National Academy of Sciences Elects Six Simons Research Grantees and Advisers
On May 3, four Simons-supported researchers and two foundation advisory board members were elected to the National Academy of Sciences (NAS). A private, nonprofit organization, the academy consists of distinguished scientists who provide independent, objective advice to the nation on matters related to science and technology. Members are elected by their peers for outstanding contributions to research. Including its newest class, the academy now has 2,291 active members. View the full list of this year’s honorees here.

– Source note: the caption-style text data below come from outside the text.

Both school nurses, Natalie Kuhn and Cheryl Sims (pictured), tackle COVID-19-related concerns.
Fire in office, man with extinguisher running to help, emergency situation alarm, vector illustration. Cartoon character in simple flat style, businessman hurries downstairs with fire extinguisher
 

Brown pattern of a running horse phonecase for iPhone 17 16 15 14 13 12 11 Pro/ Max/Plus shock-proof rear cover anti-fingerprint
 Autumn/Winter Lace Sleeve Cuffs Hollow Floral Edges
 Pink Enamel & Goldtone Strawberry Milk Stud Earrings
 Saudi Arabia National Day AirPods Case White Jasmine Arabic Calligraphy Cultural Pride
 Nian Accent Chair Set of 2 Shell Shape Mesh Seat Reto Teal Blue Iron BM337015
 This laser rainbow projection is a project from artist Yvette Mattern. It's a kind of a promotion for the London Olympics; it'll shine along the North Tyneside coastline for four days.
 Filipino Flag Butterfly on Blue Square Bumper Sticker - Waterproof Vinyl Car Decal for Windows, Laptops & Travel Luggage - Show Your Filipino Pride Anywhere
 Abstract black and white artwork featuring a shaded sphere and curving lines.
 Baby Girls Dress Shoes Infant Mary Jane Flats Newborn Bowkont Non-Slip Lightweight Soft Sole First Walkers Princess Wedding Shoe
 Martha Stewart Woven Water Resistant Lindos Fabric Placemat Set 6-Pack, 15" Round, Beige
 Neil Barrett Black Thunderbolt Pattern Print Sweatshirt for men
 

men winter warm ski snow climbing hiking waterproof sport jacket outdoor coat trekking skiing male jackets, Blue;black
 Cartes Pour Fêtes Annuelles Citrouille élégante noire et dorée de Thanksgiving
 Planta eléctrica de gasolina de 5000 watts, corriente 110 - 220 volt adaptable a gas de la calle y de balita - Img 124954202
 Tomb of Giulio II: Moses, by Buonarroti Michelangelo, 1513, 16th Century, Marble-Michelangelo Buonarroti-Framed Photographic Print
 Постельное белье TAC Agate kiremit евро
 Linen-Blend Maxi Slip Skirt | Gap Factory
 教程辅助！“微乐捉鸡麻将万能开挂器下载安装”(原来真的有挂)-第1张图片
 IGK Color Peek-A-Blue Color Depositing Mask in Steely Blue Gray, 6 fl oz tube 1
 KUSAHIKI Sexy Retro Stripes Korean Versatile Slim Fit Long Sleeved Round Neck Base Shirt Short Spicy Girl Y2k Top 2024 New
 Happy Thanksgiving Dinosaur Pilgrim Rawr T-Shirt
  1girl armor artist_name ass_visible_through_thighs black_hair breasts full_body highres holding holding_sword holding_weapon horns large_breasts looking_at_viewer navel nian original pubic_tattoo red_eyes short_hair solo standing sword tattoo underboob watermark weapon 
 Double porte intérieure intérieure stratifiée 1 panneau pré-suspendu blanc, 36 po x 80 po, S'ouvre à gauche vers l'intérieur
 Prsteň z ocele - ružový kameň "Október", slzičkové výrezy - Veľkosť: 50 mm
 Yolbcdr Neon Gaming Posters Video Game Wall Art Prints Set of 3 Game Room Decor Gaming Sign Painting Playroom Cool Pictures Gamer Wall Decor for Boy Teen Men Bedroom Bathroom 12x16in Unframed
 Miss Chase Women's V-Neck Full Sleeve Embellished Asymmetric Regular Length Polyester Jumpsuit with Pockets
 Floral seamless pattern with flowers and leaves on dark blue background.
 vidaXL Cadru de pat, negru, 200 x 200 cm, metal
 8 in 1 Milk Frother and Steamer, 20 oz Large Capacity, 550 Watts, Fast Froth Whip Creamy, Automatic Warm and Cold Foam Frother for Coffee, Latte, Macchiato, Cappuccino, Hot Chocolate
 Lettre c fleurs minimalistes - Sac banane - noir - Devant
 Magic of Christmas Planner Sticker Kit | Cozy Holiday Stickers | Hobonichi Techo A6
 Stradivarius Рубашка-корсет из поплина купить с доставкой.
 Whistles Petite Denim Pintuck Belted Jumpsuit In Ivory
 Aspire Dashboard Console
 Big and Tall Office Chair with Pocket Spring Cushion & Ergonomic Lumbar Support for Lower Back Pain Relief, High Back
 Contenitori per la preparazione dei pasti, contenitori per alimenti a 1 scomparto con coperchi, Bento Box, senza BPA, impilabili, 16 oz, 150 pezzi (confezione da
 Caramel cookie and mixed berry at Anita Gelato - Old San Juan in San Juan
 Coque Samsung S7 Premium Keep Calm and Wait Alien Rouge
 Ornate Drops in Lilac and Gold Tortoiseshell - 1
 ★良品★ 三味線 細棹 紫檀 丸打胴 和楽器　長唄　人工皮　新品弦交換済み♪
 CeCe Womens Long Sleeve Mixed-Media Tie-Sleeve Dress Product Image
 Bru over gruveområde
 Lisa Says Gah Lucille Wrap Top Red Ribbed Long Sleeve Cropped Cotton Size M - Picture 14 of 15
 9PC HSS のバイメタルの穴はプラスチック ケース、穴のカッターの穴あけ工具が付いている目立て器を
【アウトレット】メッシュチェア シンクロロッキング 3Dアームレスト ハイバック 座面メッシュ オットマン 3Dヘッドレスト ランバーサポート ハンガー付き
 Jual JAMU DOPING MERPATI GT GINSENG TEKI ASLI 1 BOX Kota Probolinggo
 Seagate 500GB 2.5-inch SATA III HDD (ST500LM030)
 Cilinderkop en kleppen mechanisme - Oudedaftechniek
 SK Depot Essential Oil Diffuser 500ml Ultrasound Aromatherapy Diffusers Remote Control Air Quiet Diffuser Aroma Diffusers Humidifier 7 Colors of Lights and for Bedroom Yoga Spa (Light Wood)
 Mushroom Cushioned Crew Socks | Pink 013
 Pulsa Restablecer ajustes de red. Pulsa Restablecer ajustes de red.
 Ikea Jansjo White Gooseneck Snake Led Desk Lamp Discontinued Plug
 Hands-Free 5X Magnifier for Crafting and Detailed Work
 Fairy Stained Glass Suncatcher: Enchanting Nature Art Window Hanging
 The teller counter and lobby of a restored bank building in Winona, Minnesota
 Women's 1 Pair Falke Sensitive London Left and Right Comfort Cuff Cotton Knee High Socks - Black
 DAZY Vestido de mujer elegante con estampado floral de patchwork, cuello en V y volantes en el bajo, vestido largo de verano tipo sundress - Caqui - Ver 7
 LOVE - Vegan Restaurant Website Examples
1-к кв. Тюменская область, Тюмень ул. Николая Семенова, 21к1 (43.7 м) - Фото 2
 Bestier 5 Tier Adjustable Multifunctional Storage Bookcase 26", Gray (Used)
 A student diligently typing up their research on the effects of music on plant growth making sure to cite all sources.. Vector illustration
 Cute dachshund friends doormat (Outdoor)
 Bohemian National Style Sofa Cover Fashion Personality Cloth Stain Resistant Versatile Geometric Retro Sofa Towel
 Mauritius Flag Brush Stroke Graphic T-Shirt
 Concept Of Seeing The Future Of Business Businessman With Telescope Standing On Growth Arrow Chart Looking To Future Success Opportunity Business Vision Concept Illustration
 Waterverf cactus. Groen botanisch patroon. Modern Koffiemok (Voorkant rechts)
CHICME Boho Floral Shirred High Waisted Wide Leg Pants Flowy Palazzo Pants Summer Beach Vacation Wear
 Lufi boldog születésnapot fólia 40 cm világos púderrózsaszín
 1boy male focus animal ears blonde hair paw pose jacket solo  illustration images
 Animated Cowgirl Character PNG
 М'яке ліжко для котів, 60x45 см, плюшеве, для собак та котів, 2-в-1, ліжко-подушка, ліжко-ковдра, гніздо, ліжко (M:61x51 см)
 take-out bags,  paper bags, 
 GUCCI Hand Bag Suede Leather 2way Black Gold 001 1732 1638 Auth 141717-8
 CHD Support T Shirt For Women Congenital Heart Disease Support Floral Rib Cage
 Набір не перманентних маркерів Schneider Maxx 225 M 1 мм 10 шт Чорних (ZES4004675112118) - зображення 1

The new NAS members affiliated with the Simons Foundation are as follows:
Ian Agol is a mathematics professor at the University of California, Berkeley and is currently on sabbatical at the Institute for Advanced Study. He has made major contributions to three-dimensional topology and hyperbolic geometry, mpleting some of Thurston’s problems elucidating the structure of 3-manifolds. He proved several deep and long-standing conjectures, including the Virtual Haken conjecture, Marden’s Tameness conjecture and the Simon conjecture. He is a Simons Investigator in mathematics.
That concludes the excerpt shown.